Processor Board ID FOC173354HZ
Device name: N128CR-3
bootflash: 8028160 kB
Kernel uptime is 0 day(s), 10 hour(s), 26 minute(s), 48 second(s)
Last reset at 636710 usecs after Wed Apr 23 06:49:00 2014
Reason: Disruptive upgrade
System version: 7.0(1)N1(1)
Service:
plugin
Core Plugin, Ethernet Plugin
switch#

Upgrade Process for a vPC Topology on the Primary Switch

The following list summarizes the upgrade process on a primary switch in a vPC topology. Steps that differ from a switch upgrade in a non-vPC topology are in bold.


Note In vPC topologies, the two peer switches must be upgraded individually. An upgrade on one peer switch does not automatically update the vPC peer switch.
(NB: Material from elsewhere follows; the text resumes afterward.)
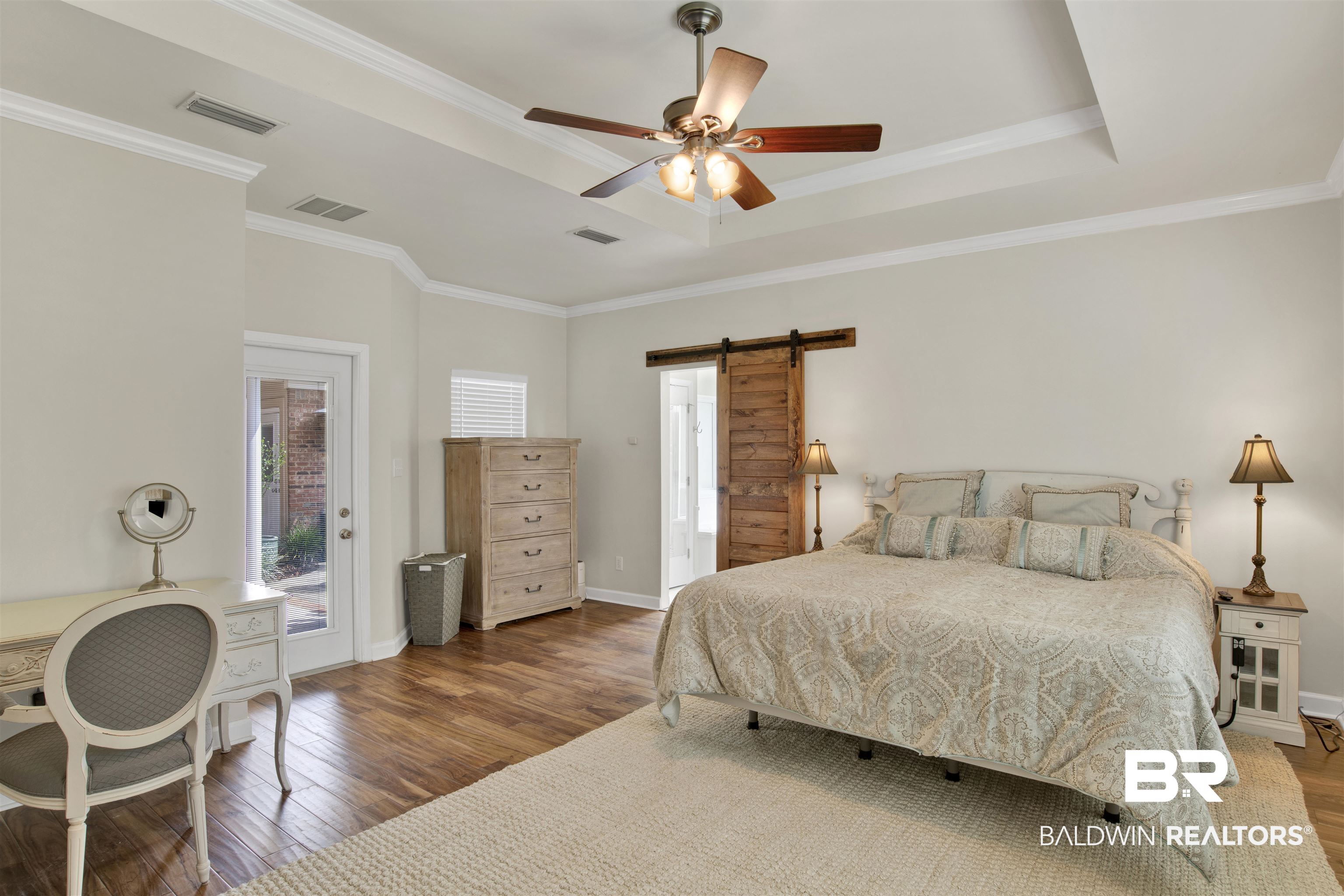 638 Southern Way Daphne, AL 36527 - Photo 14 of 26 Bedroom with ornamental molding, dark hardwood / wood-style floors, a raised ceiling, and a barn door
1. The install all command issued on the vPC primary switch triggers the installation upgrade.

2. The compatibility checks display the impact of the upgrade.

3. The installation proceeds or not based on the upgrade impact.

4. The configuration is locked on both vPC peer switches.

5. The current state is saved.

6. The system unloads and runs the new image.

7. The stateful restart of the system software and application occurs.

8. The installer resumes with the new image.

9. The FEXs are upgraded sequentially.

10. The installation is complete.

When the installation is complete, the vPC primary switch and the FEXs that are connected to the primary switch are upgraded. The single-homed FEXs and the dual-homed FEXs are now running the upgraded software.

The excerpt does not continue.